Module Name:    src
Committed By:   riastradh
Date:           Wed May 13 21:09:02 UTC 2020

Modified Files:
        src/sys/arch/mips/cavium: octeonvar.h
        src/sys/arch/mips/cavium/dev: octeon_rnm.c octeon_rnmreg.h

Log Message:
Rework octeon_rnm(4) random number generator driver.

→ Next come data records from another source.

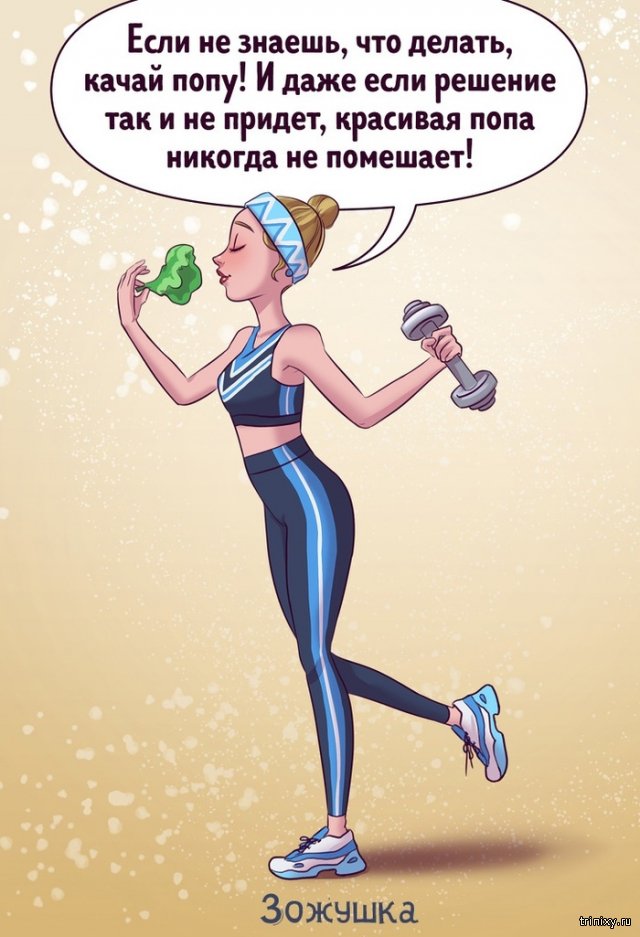 Принцессы бывают разные - веселые картинки с надписями Принцессы бывают разные - веселые картинки с надписями картинки с надписями,прикольные картинки,смешные комментарии,угарные фотки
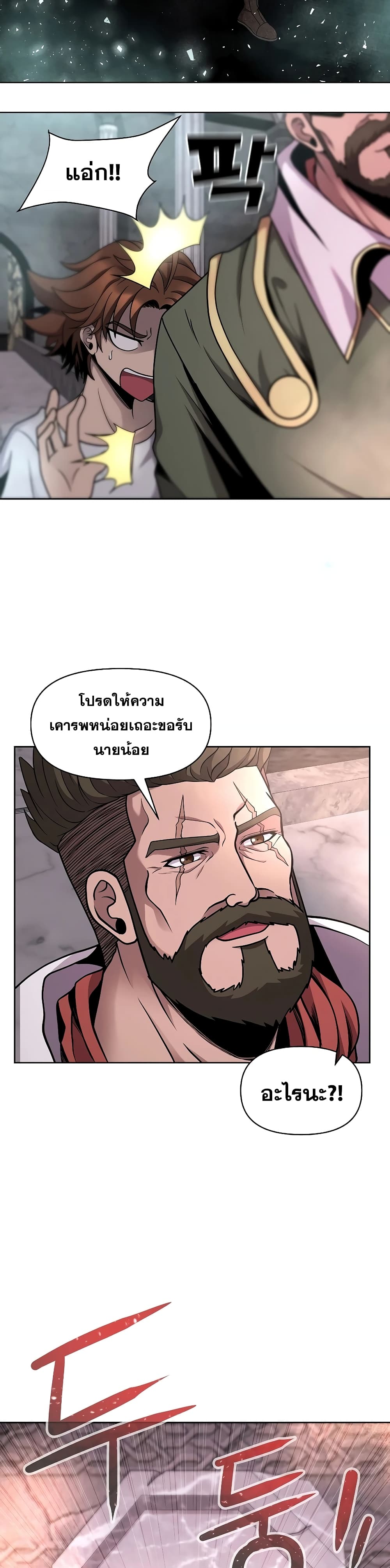 The 10th Class Lout of the Knight Family page 25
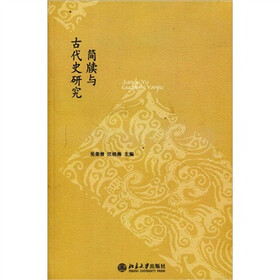 简牍与古代史研究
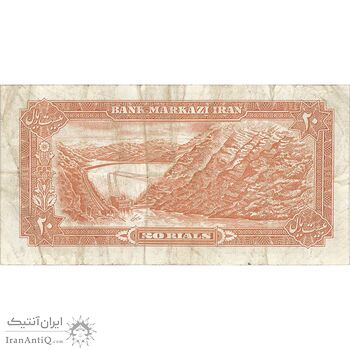 اسکناس 20 ریال (یگانه - مهران) - تک - VF25 - محمد رضا شاه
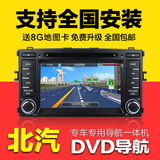 北汽绅宝D20导航仪 倒车影像 北京汽车E系列DVD导航一体机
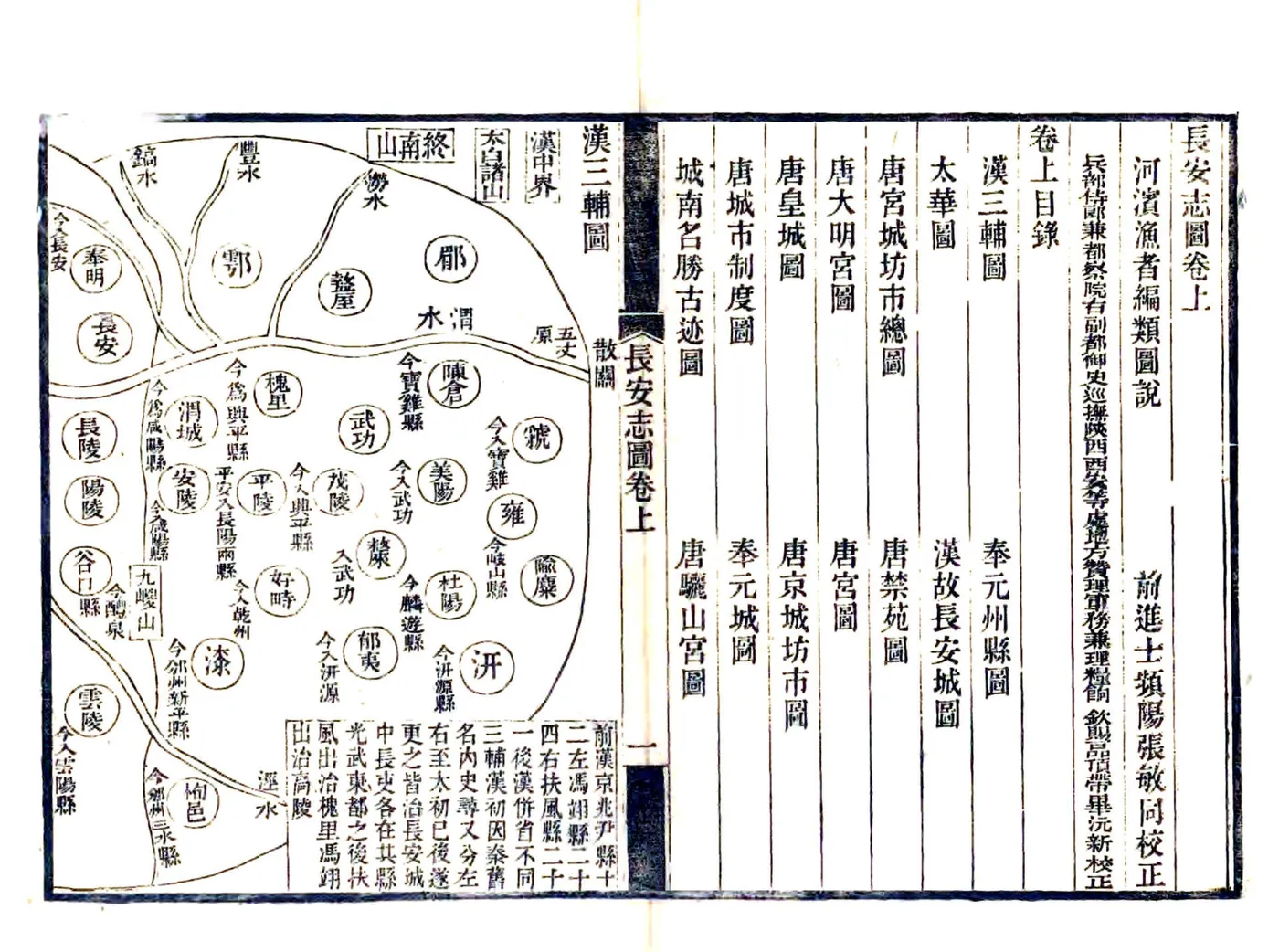 长安志（宋熙宁 光绪刻本） 在线预览第6页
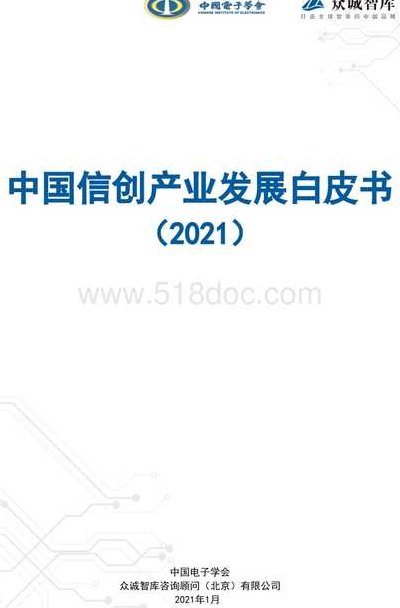 中国白皮书（中国白皮书最新）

- Do a little on-line self-test for fun.
- Draw raw samples from the ring oscillators.
- Draw substantially more samples:
  => early RO samples seem to have considerably lower entropy
  => consecutive RO samples are not independent
- Make sure to use rnd_add_data_sync in the callback.
  => not technically needed in HEAD, but would be needed for pullup


To generate a diff of this commit:
cvs rdiff -u -r1.6 -r1.7 src/sys/arch/mips/cavium/octeonvar.h
cvs rdiff -u -r1.4 -r1.5 src/sys/arch/mips/cavium/dev/octeon_rnm.c
cvs rdiff -u -r1.2 -r1.3 src/sys/arch/mips/cavium/dev/octeon_rnmreg.h

Please note that diffs are not public domain; they are subject to the
copyright notices on the relevant files.

Modified files:

Index: src/sys/arch/mips/cavium/octeonvar.h
diff -u src/sys/arch/mips/cavium/octeonvar.h:1.6 src/sys/arch/mips/cavium/octeonvar.h:1.7
--- src/sys/arch/mips/cavium/octeonvar.h:1.6	Thu Apr 19 21:50:06 2018
+++ src/sys/arch/mips/cavium/octeonvar.h	Wed May 13 21:09:02 2020
@@ -1,4 +1,4 @@
-/*	$NetBSD: octeonvar.h,v 1.6 2018/04/19 21:50:06 christos Exp $	*/
+/*	$NetBSD: octeonvar.h,v 1.7 2020/05/13 21:09:02 riastradh Exp $	*/
 
 /*-
  * Copyright (c) 2001 The NetBSD Foundation, Inc.
@@ -163,8 +163,11 @@ struct octeon_cvmseg_map {
 		uint64_t	csm_ether_xxx_3;
 	} csm_ether[4/* XXX */];
 
-	/* 20-32 */
+	/* 20-31 */
 	uint64_t	xxx_20_32[32 - 20];
+
+	/* 32-63 */
+	uint64_t	csm_rnm[32];
 } __packed;
 #define	OCTEON_CVMSEG_OFFSET(entry) \
 	offsetof(struct octeon_cvmseg_map, entry)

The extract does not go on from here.